Referring to an ambush interview of Denver Post TV critic Joanne Ostrow by a crew for Fox News' Bill O'Reilly, radio hosts Peter Boyles and Mike Rosen falsely surmised that Ostrow was interviewed in the Post parking lot, even though O'Reilly himself stated that his crew confronted Ostrow outside a grocery store. Further, despite evidence to the contrary, Boyles flatly stated that O'Reilly's crew was “not stalking her.”
Boyles, Rosen used falsehoods to defend O'Reilly producer's apparent stalking of Post journalist
Written by Media Matters Staff
Published
On their April 13 broadcasts, 630 KHOW-AM's Peter Boyles and Newsradio 850 KOA's Mike Rosen defended a producer for Fox News commentator Bill O'Reilly, falsely asserting that the producer confronted Denver Post columnist Joanne Ostrow in a Post parking lot to conduct an ambush interview about her criticism of O'Reilly in her April 7 column. Boyles also claimed of O'Reilly's producer and camera crew, “They're not stalking her.”
In fact, as O'Reilly clearly stated during the April 11 edition of his nationally syndicated radio show, The Radio Factor with Bill O'Reilly, producer Porter Berry approached Ostrow in a grocery store parking lot, not a Denver Post parking lot. Ostrow has confirmed to Colorado Media Matters that Berry accosted her in the parking lot of a Wild Oats supermarket, after she had driven there from her home and shopped inside; Berry apparently followed Ostrow from her home, where she often works.

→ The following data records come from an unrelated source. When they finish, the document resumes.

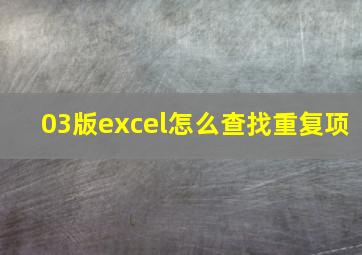 03版excel怎么查找重复项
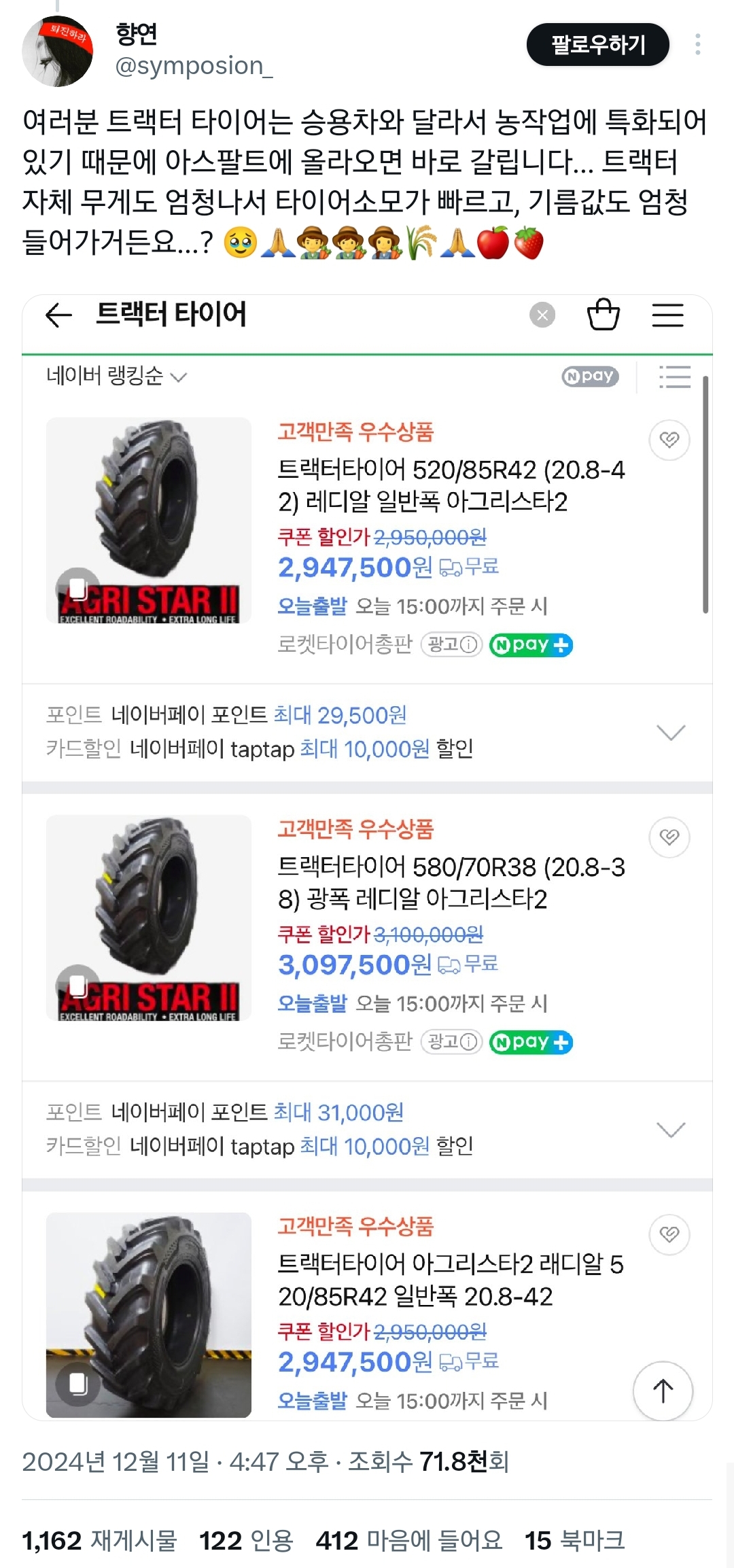 현재 퇴진 시위에서 상여 퍼포먼스 준비 중이라는 제일 파괴력이 쎄다는 노조.jpg | 인스티즈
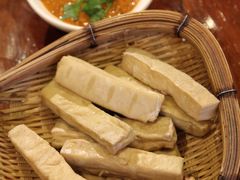 石屏豆腐-醉云喃
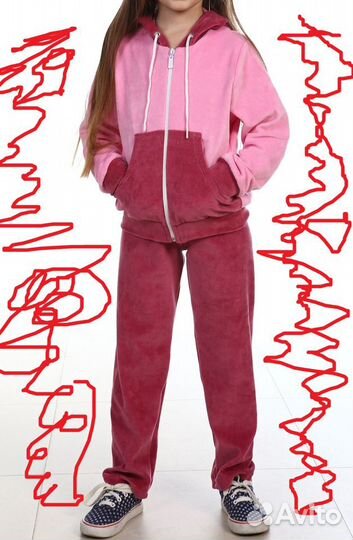 Костюм детский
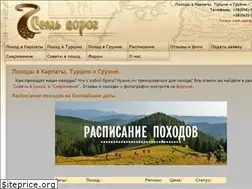 Sites similar to 7ways.com.ua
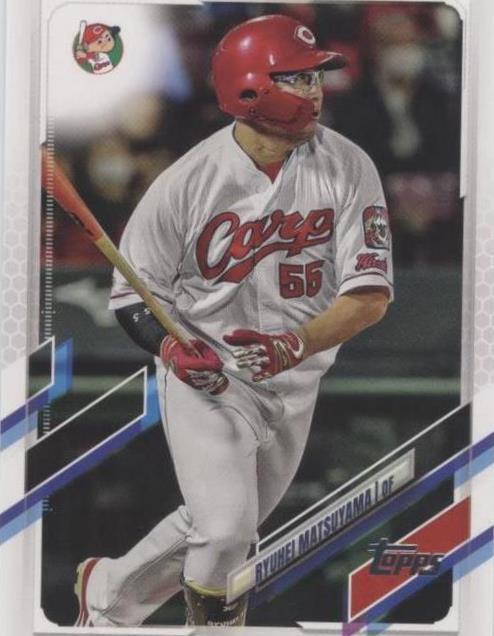 2021 Topps NPB Nippon Professional Baseball - Ryuhei Matsuyama #139 - 1 of 1
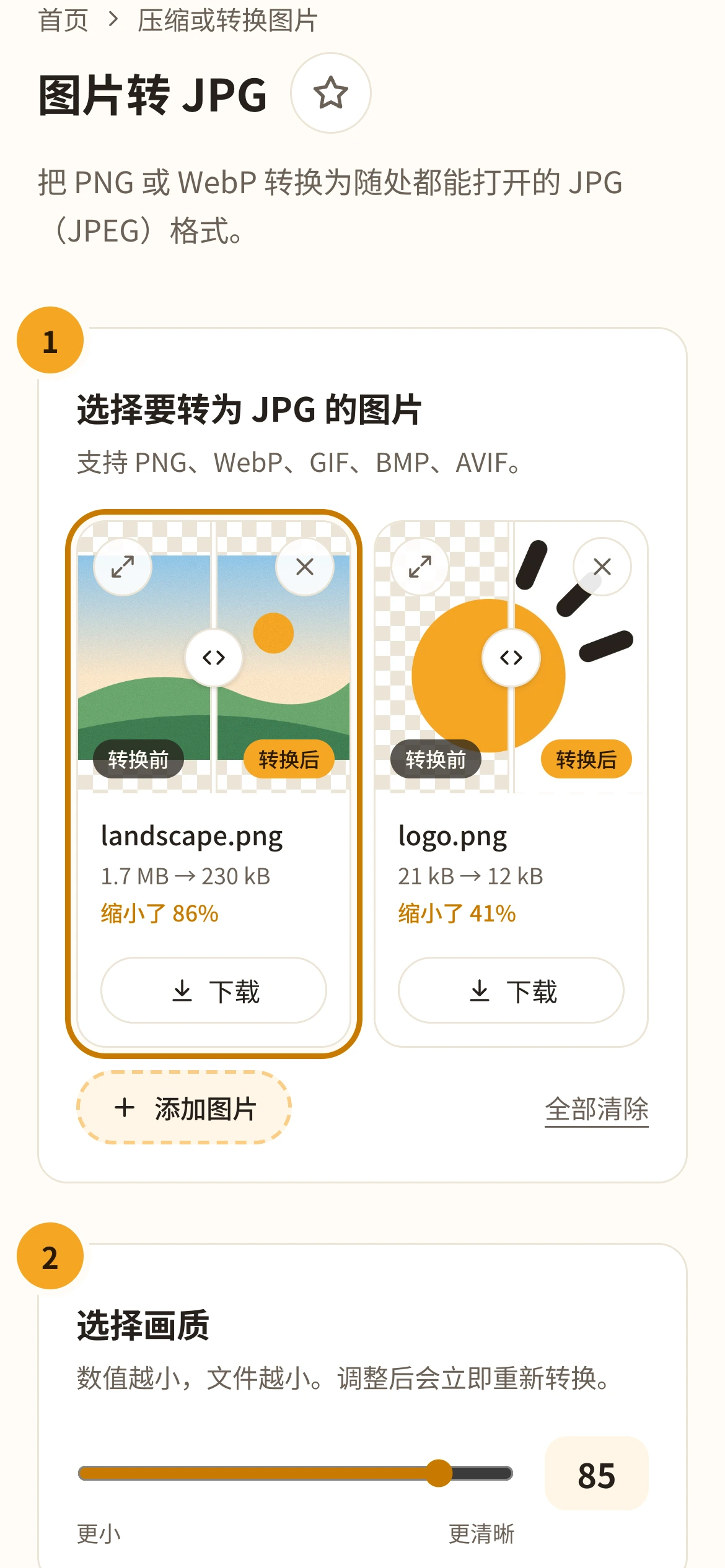 已转换为 JPG 的图片列表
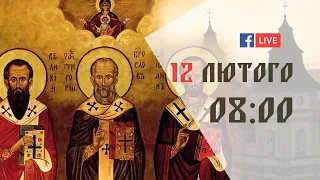 08:00 | БОЖЕСТВЕННА ЛІТУРГІЯ | 12.02.2021 Івано-Франківськ УГКЦ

Setting up an audio clip of the exchange between Ostrow and Berry, Boyles stated that “they confront her in the parking lot at The Denver Post.”
Similarly, Mike Rosen baselessly asserted, “An O'Reilly producer confronted Joanne Ostrow -- I imagine in the Denver Post parking lot -- with a cameraman and a microphone in hand.”
As Colorado Media Matters noted, O'Reilly had Berry trail Ostrow to conduct an ambush interview, videotaping the encounter and airing it on both his Fox News program The O'Reilly Factor and his syndicated Westwood One radio program. On the latter, O'Reilly stated that Ostrow “had to go to the grocery store, and our producer Porter Berry was waiting in the store for [her].”
From the April 13 broadcast of Newsradio 850 KOA's The Mike Rosen Show:
ROSEN: “O'Reilly spewed racist bile.” Ah -- and therein we have the smoking gun. Joanne Ostrow asserts that O'Reilly “spewed racist bile.” I saw that exchange between O'Reilly and Geraldo. I have listened to it now several times. At no point did Bill O'Reilly do anything remotely like spewing “racist bile.” This is simply a charge -- an assertion by Joanne Ostrow -- and I should note, an assertion that she cannot support. O'Reilly invited her to be on his show to defend her assertion. She refused. An O'Reilly producer confronted Joanne Ostrow -- I imagine in the Denver Post parking lot -- with a cameraman and a microphone in hand, and pressed Joanne Ostrow on this.
From the April 13 broadcast of KHOW 630-AM's The Peter Boyles Show:
BOYLES: I want to play you this. If you haven't heard it, Joanne Ostrow from The Denver Post wrote a column, and it -- I think it appeared the same day that Cindy Rodriguez called me a hate-radio host -- and she talked about O'Reilly. And, listen to her response when they confront her in the parking lot at The Denver Post. She calls them stalkers. They're not stalking her; they walk up with a camera crew. And listen to -- listen to her try and get her way out of what she wrote. That's one of those things; you say it, you better be able to face it down.
From the April 11 edition of Westwood One's The Radio Factor with Bill O'Reilly:
O'REILLY: Now, the writer for The Denver Post -- which is a pretty big newspaper -- the TV writer, Joanne Ostrow, did this after my debate with Geraldo Rivera. She said, quote, in her column, “When a girl was killed by a drunk driver in Virginia, a driver who happened to be an undocumented immigrant, O'Reilly seized the moment to turn the issue into a tirade against illegal aliens. O'Reilly spewed racist bile.” Unquote. OK. Now, this is what these people do all the time. That's why people are afraid to take the stands that I take. So, we invited Ms. Ostrow to come on the program; of course, she hid under her desk. But she had to go to the grocery store, and our producer, Porter Berry, was waiting in the store for Ms. Ostrow. Roll the tape.